[Exercise prompt] Whatever precedes the line containing "Landscape Tote Bag" is not copied; that line and every line after it through the final one below are copied exactly, except pictures.

[Image-caption web data]
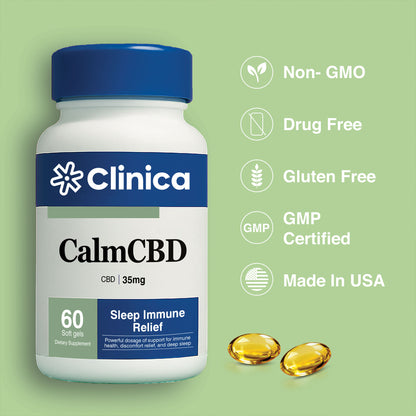 CalmCBD – Broad Spectrum Hemp Extract 25 mg – 60 Softgels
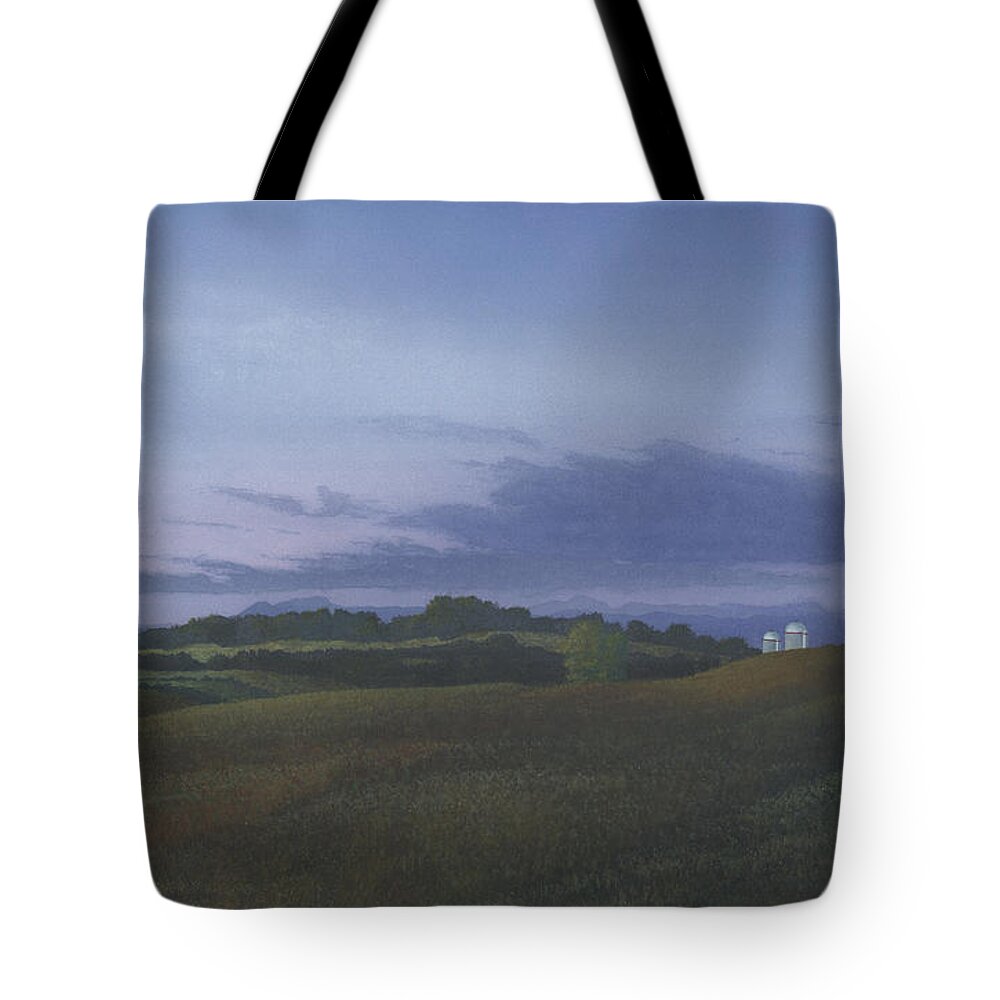Landscape Tote Bag featuring the painting Autumn Twilight by Peter Rashford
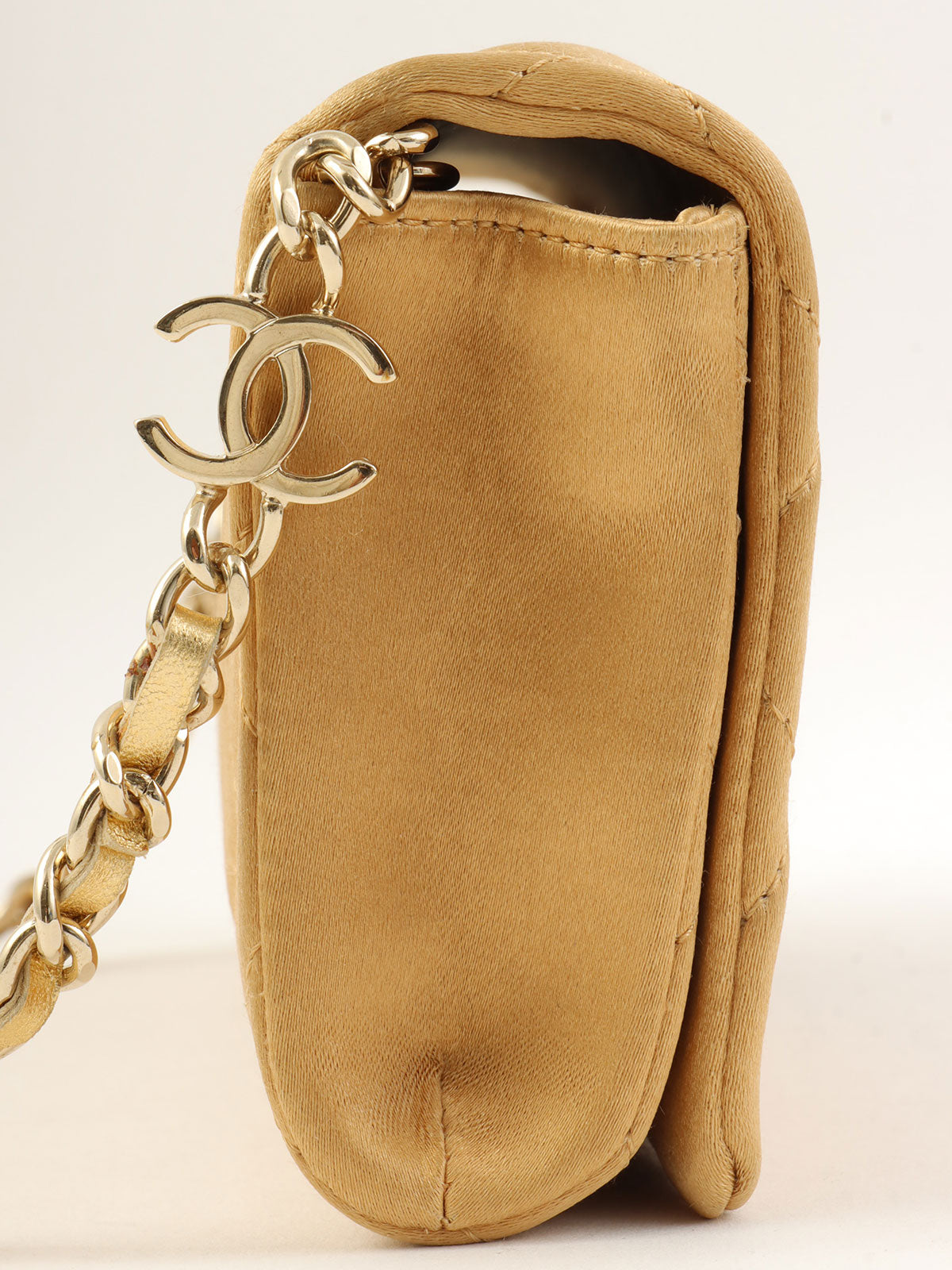 2005年頃製 ラインストーンデザインモチーフチェーンショルダーバッグ ブロンズ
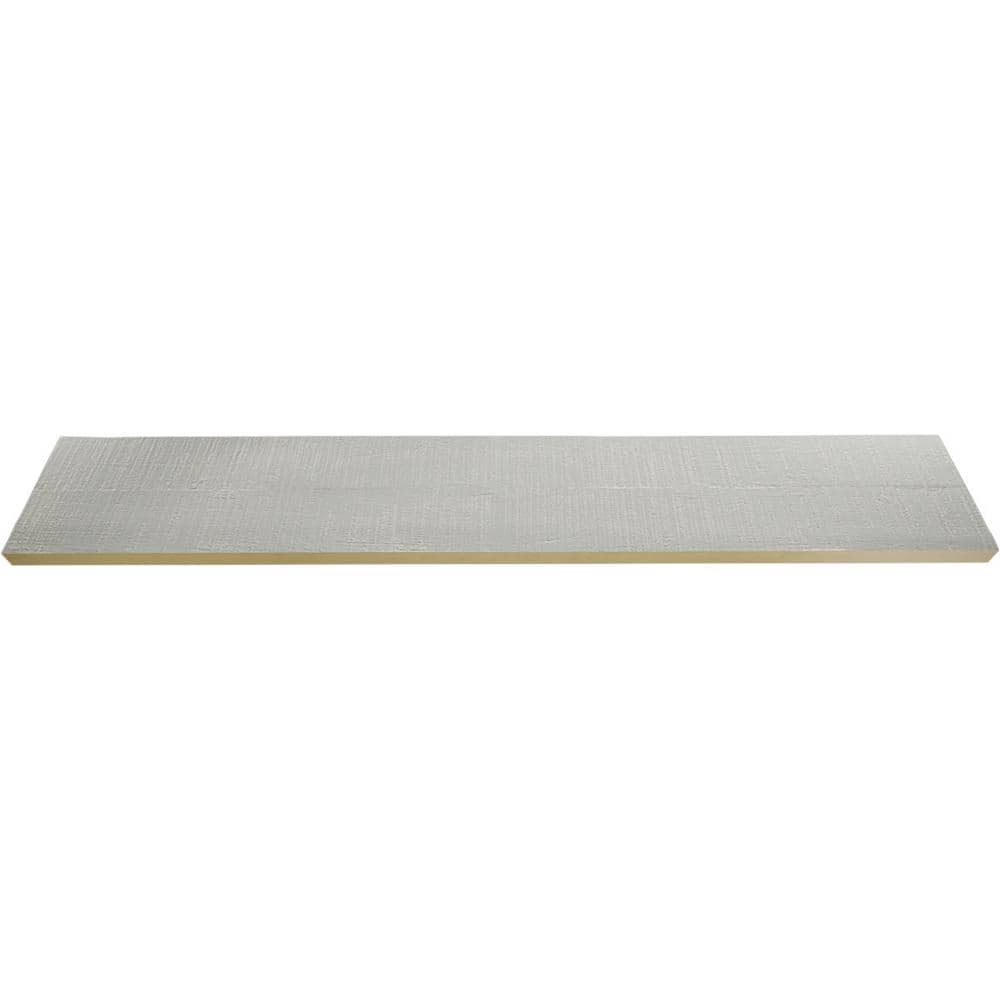Cashmere Gray Faux Wood Beam Plank, 6" x 96"
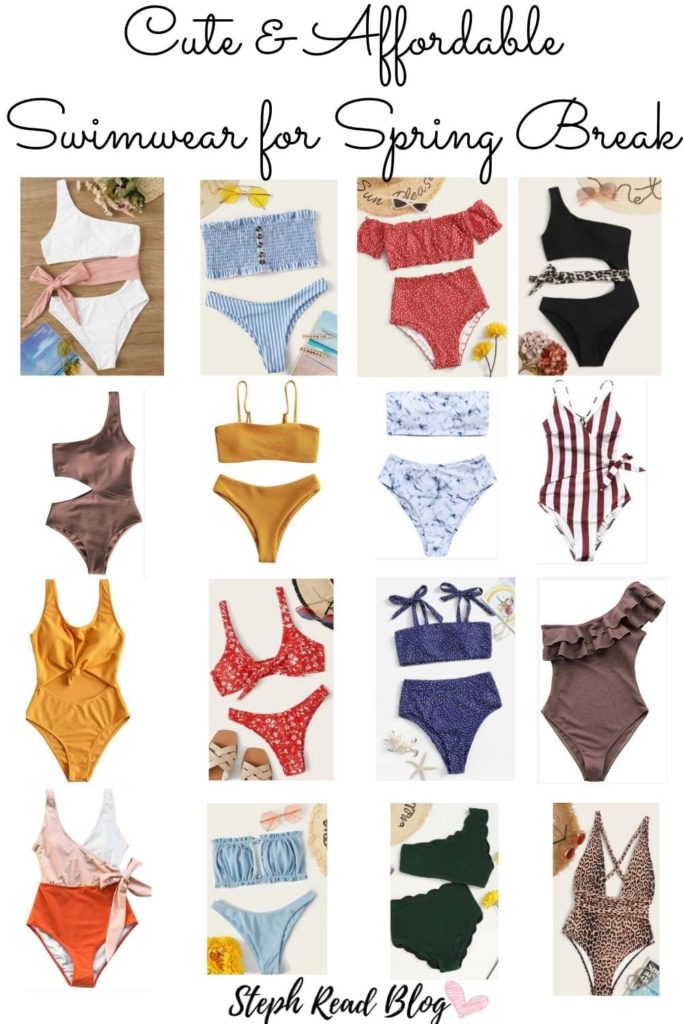 Spring Break Swimwear that is Cute and Affordable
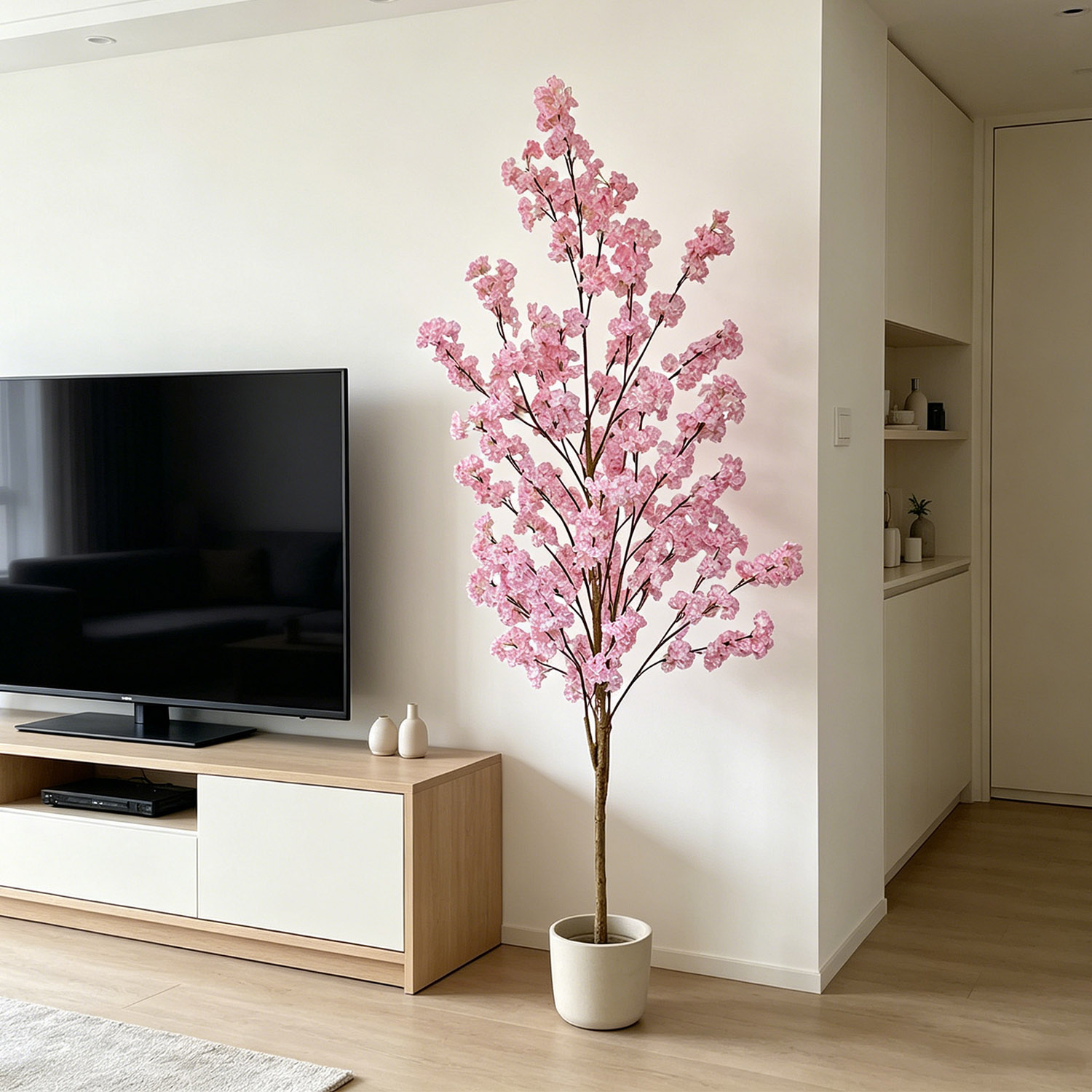 Home Decor Under 100 - Sztuczne kwiaty wiśni, drzewko sakura, realistyczna
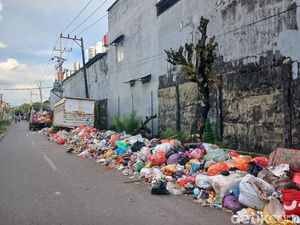 Rumah Warga Diserbu Lalat-Ulat gegara Sampah di Teuku Umar Makassar Menumpuk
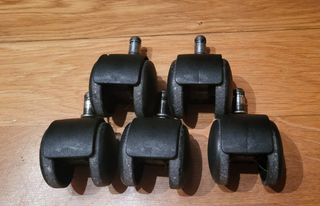 5 Ruedas silla giratoria oficina (11mm mástil)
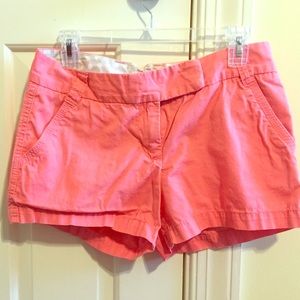 Classic j crew salmon colored chino shorts
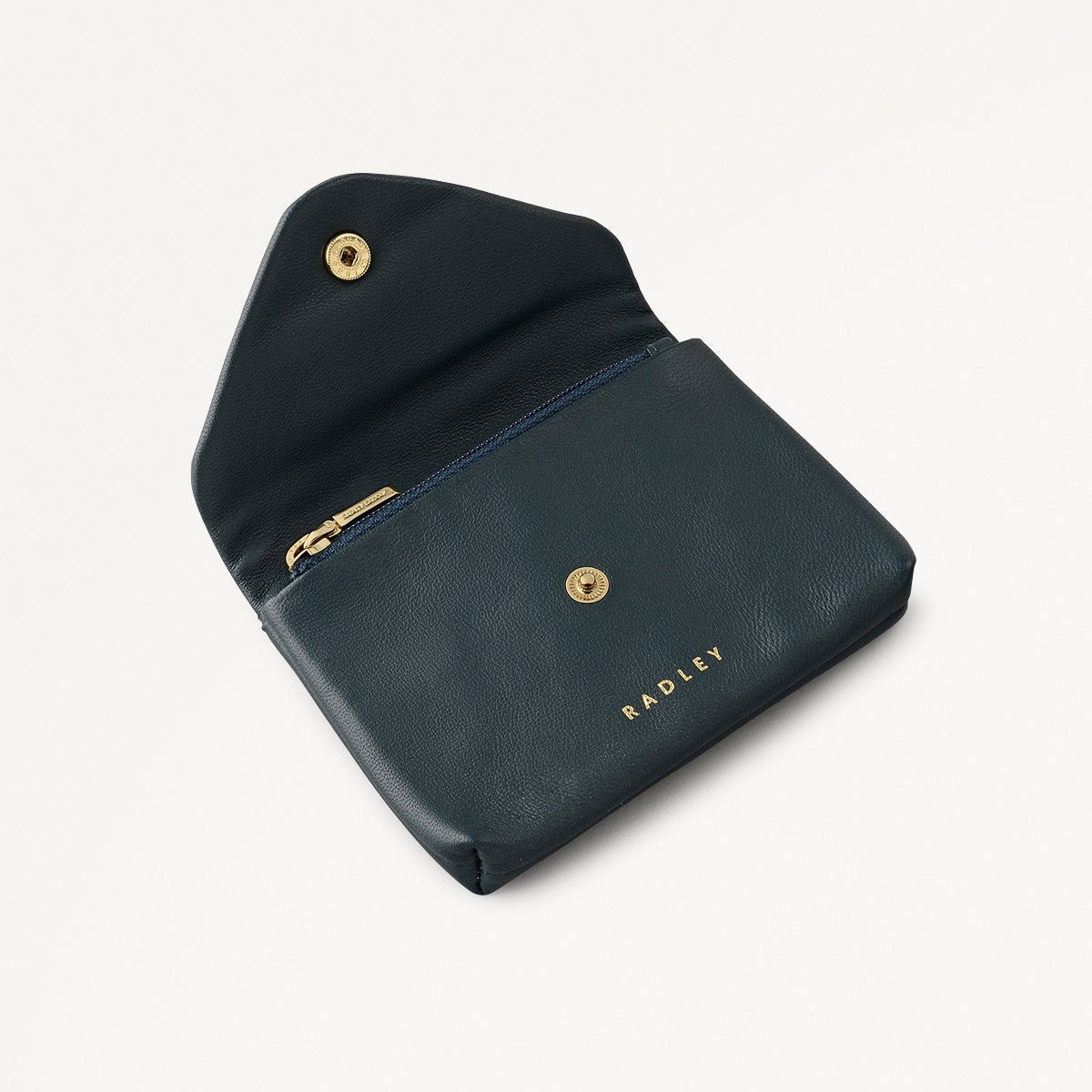 Mallow Street Small Ziptop Coin Purse in Dark Teal - 112344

[Written answer]
Landscape Tote Bag featuring the painting Autumn Twilight by Peter Rashford
 2005年頃製 ラインストーンデザインモチーフチェーンショルダーバッグ ブロンズ
Cashmere Gray Faux Wood Beam Plank, 6" x 96"
 Spring Break Swimwear that is Cute and Affordable
 Home Decor Under 100 - Sztuczne kwiaty wiśni, drzewko sakura, realistyczna
 Rumah Warga Diserbu Lalat-Ulat gegara Sampah di Teuku Umar Makassar Menumpuk
 5 Ruedas silla giratoria oficina (11mm mástil)
 Classic j crew salmon colored chino shorts
 Mallow Street Small Ziptop Coin Purse in Dark Teal - 112344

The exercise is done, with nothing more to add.